Le Tribunal administratif de Melun a rejeté la requête de Mme A..., une enseignante du lycée de Garges-lès-Gonesse, qui sollicitait un soutien juridique et une assistance pour déposer plainte concernant des difficultés avec un élève et son administration. La juridiction a constaté que la requête ne formulait aucune conclusion recevable (annulation, réformation ou indemnité) et ne contestait pas une décision administrative clairement identifiée, en méconnaissance des articles R. 411-1 et R. 421-1 du code de justice administrative. Cette irrecevabilité manifeste a conduit au rejet de l'affaire par ordonnance, sur le fondement des articles R. 222-1 (4°) et R. 351-4 du même code.
Texte intégral
Vu la procédure suivante :
Par une requête enregistrée le 14 mars 2025, Mme B... A... expose au tribunal les problèmes rencontrés dans l’exercice de ses fonctions au sein du lycée technologique et général de Garges-lès-Gonesse avec un élève et son administration, et demande un soutien et une assistance juridique avant de déposer plainte.
Vu les autres pièces du dossier.
Vu le code de justice administrative.
Considérant ce qui suit :
En vertu des dispositions du 4° de l’article R. 222-1 du code de justice administrative, les présidents de tribunal administratif peuvent rejeter par ordonnance les requêtes manifestement irrecevables, lorsque la juridiction n’est pas tenue d’inviter leur auteur à les régulariser.
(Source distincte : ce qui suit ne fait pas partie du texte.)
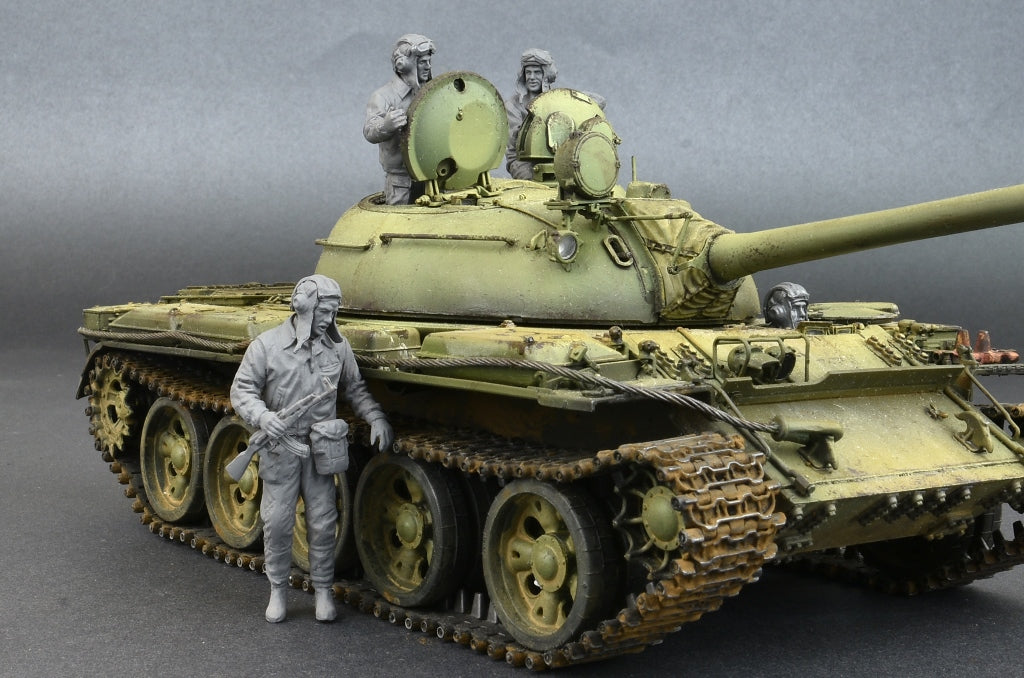 MiniArt 1:35 Soviet Tank Crew 1960–70s figures displayed with a T-55 Soviet medium tank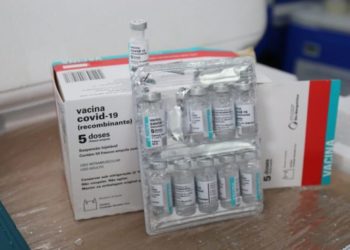 Bahia recebe remessa com 351.750 doses de vacinas contra a Covid-19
Aux termes de l’article R. 351-4 du code de justice administrative : « Lorsque tout ou partie des conclusions dont est saisi un tribunal administratif, une cour administrative d'appel ou le Conseil d’Etat relève de la compétence d’une de ces juridictions administratives, le tribunal administratif, la cour administrative d'appel ou le Conseil d'Etat, selon le cas, est compétent, nonobstant les règles de répartition des compétences entre juridictions administratives, pour rejeter les conclusions entachées d’une irrecevabilité manifeste insusceptible d’être couverte en cours d’instance, pour constater qu’il n’y a pas lieu de statuer sur tout ou partie des conclusions ou pour rejeter la requête en se fondant sur l’irrecevabilité manifeste de la demande de première instance. ».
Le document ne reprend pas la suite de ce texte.